40 000 Piémontais, appuyés par 8 000 Autrichiens, avaient franchi les Alpes, et menaçaient le Midi ; et tandis que les défilés des Pyrénées étaient occupés par 22 000 Espagnols, Toulon était aux mains des Anglais.

D’un autre côté, Lyon, qui s’était insurgé contre la Convention, arborait ouvertement le drapeau de la révolte, après avoir chassé les représentants du peuple. La Vendée avait, de son côté, pris les armes contre la République.

Pour faire face à tant d’ennemis au dehors, à tant de révoltes au dedans, la Convention disposait de 400 000 hommes, à peine. Ces hommes étaient mal vêtus, mal nourris, mal disciplinés, mal payés.

Il est évident qu’une découverte comme celle du télégraphe de Chappe, qui devait permettre aux chefs d’armée de correspondre rapidement entre eux, et qui donnait aux villes assiégées, la faculté de faire passer des signaux et des dépêches par-dessus le front des corps assiégeants, était un sourire que la Providence adressait à la France au milieu de ses angoisses.

C’est ce que comprit le Comité de salut public. C’est pour cela qu’il décida que des télégraphes seraient placés aux abords des villes assiégées, et que les lignes à établir partiraient de l’extrémité des frontières, c’est-à-dire de Lille et de Landau, pour aboutir à Paris. Il plaça les télégraphes sous la direction du ministre de la guerre ; mais il s’en réserva la direction supérieure, et le ministre ne dut se servir des télégraphes que d’après ses ordres.

Les frères Chappe furent mis à la tête de l’administration des télégraphes. Mais comme ils ne pouvaient suffire, à eux seuls, à l’organisation d’un service si nouveau, on leur adjoignit d’abord, en qualité de commissaire du gouvernement, le citoyen Garnier, qui ne conserva que peu de temps ces fonctions ; ensuite le citoyen Delaunay (l’inventeur du vocabulaire) et les citoyens Brunet et Barcon, amis des frères Chappe.

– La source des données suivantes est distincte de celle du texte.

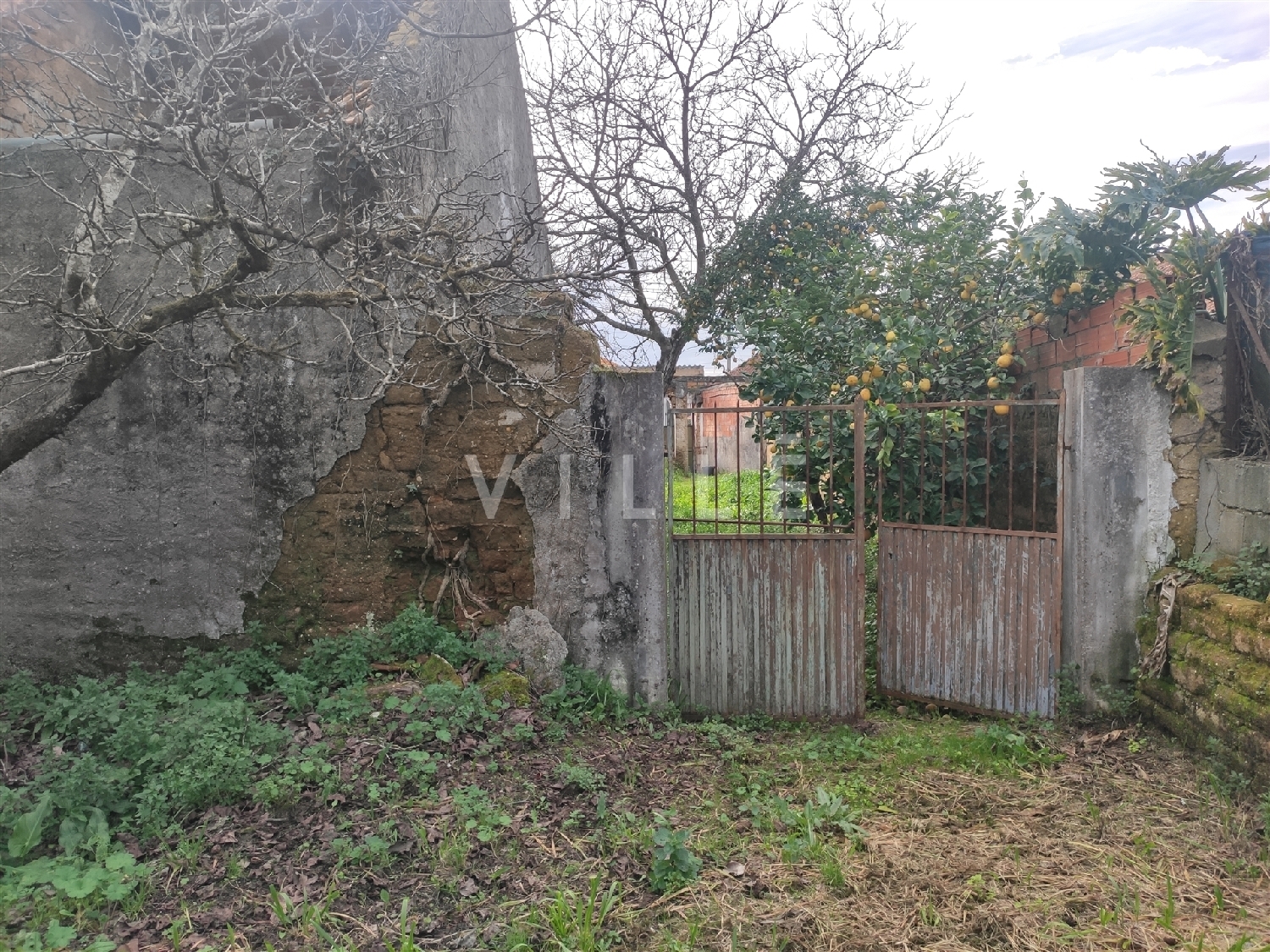 te koop huis Anadia Anadia 2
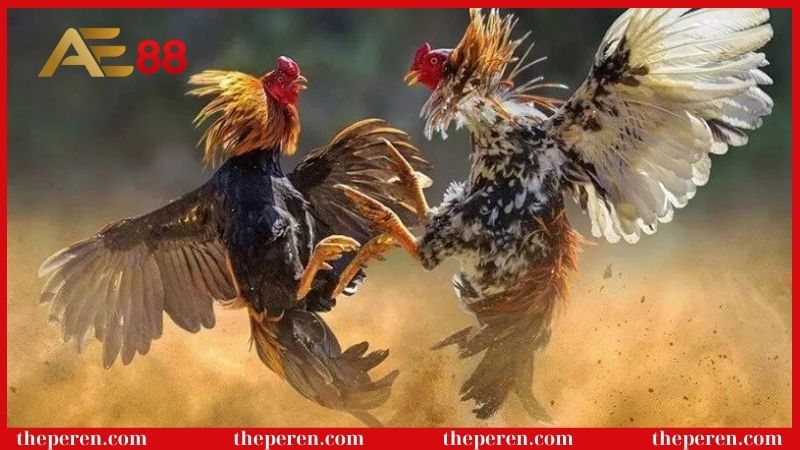 Các hình thức gà đá được yêu thích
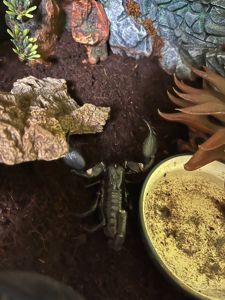 Скорпіон Heterometrys Cyaneus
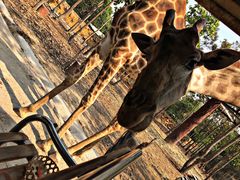 -清迈夜间动物园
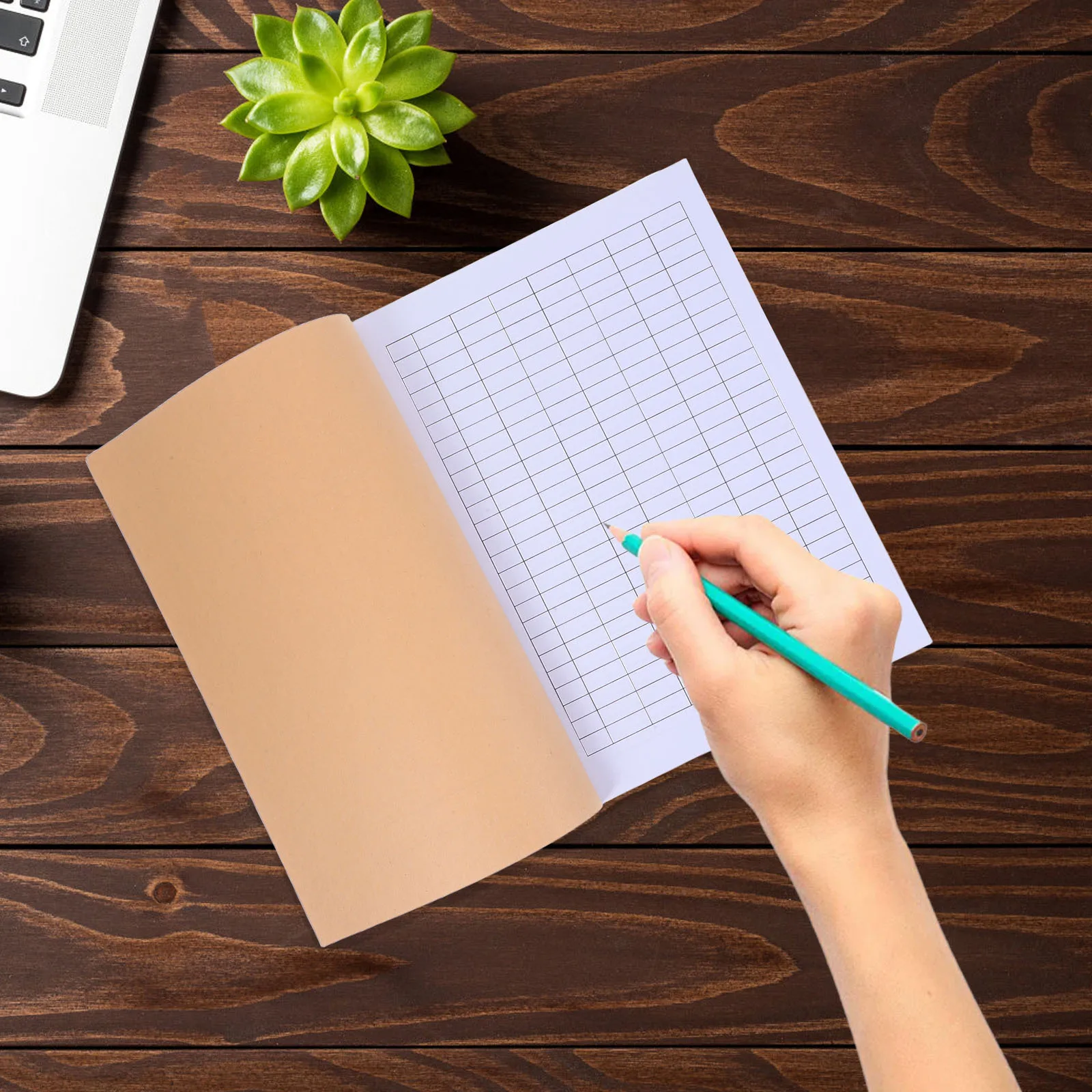 Diario di contabilità aziendale Log di ingresso dettagliato per il monitoraggio degli inventari Gestione finanziaria Pianificatore di budget dal design elegante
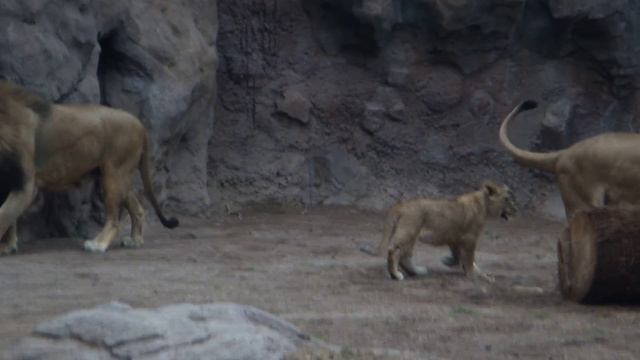 Lion Pride at Reid Park Zoo Tucson, Arizona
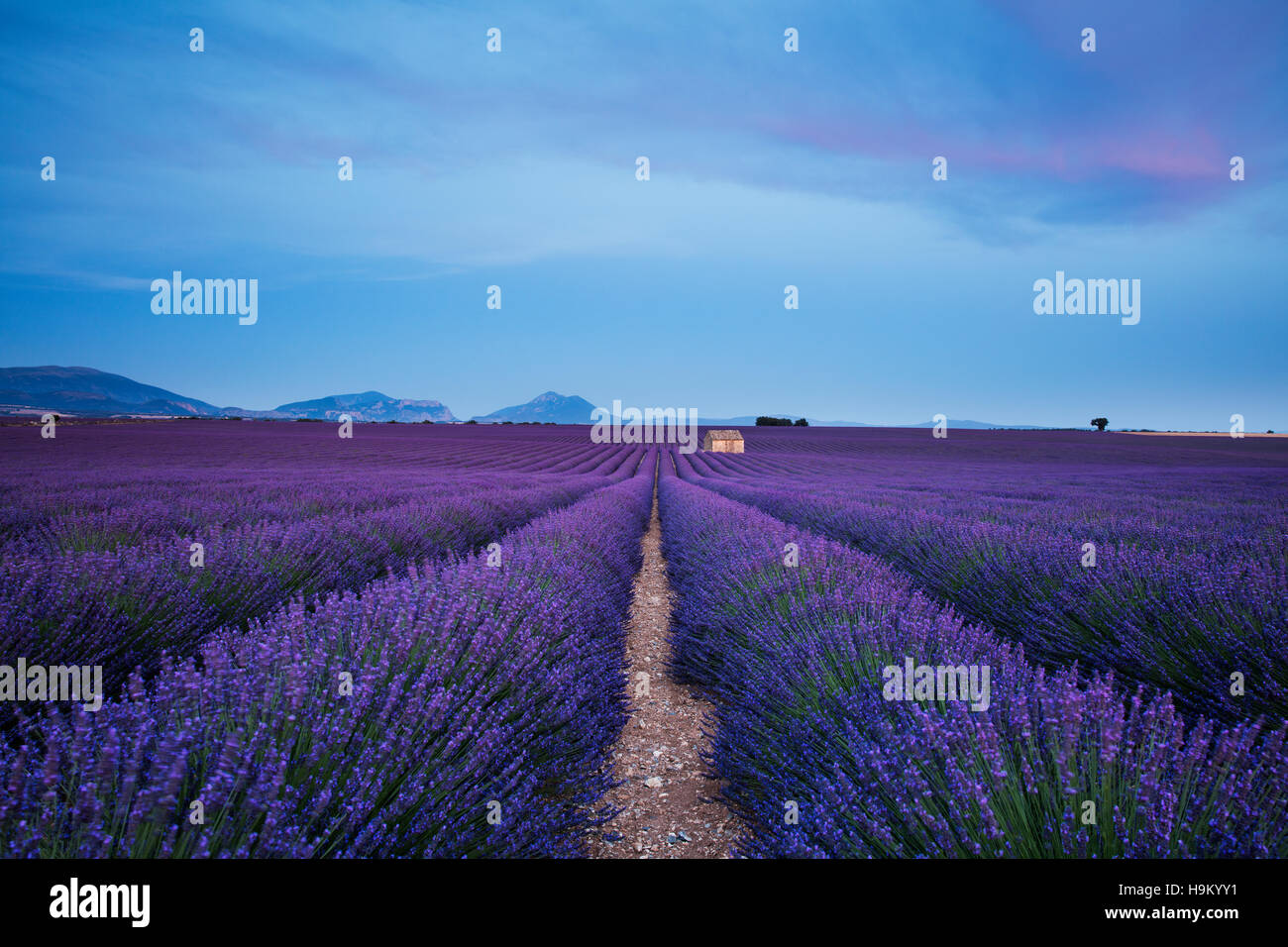 Blühender Lavendel (Lavandula Angustifolia) mit Steinhaus, Plateau von Valensole, Alpes-de-Haute-Provence Stockfoto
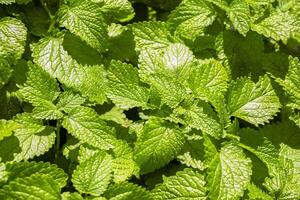 Nature. beautiful green leaves of melissa. photo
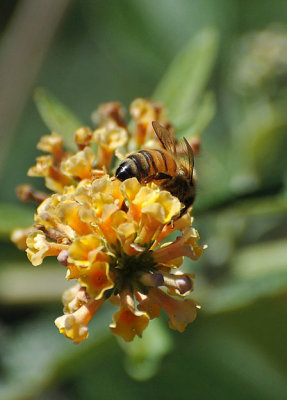 Translucent Bee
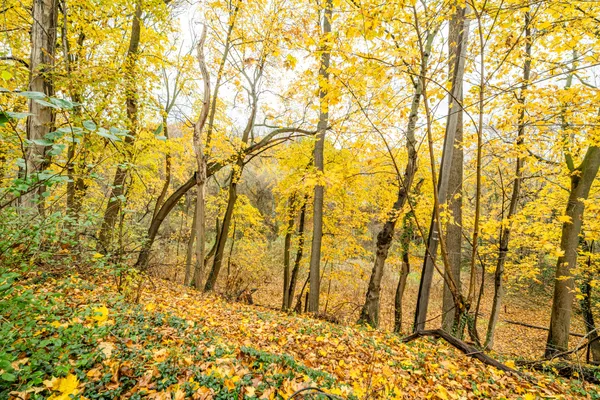 $279,900 | 1298 Colfax Avenue, Benton Harbor, MI 49022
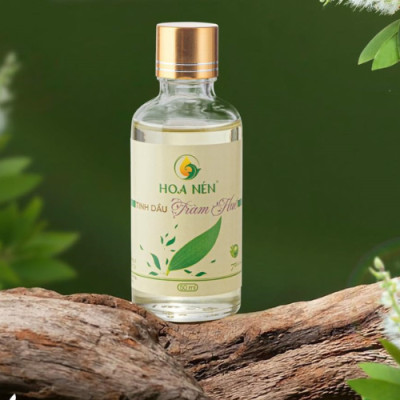 Tinh dầu tràm Huế nguyên chất Hoa Nén 100ml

La République n’était pas seulement menacée par toute sorte de périls, extérieurs et intérieurs. Elle était fort pauvre. Aussi le Comité de salut public recommanda-t-il la plus sévère économie dans l’autorisation des dépenses nécessaires pour la construction des machines et des postes télégraphiques. Dans son rapport à la Convention, Lakanal avait proposé de construire les appareils et d’aménager les stations avec des objets faisant partie du mobilier de l’État. Cette idée fut mise en pratique. Les lunettes d’approche, comme les lits, les chaises, les tables, et tout le matériel qui pouvait s’adapter à cette destination nouvelle, furent tirés des magasins de l’État. On poussa l’économie jusqu’à décider que les télégraphes qui avaient servi aux expériences exécutées par Chappe, devant les commissaires de la Convention, seraient enlevés et transportés sur la ligne en construction[1].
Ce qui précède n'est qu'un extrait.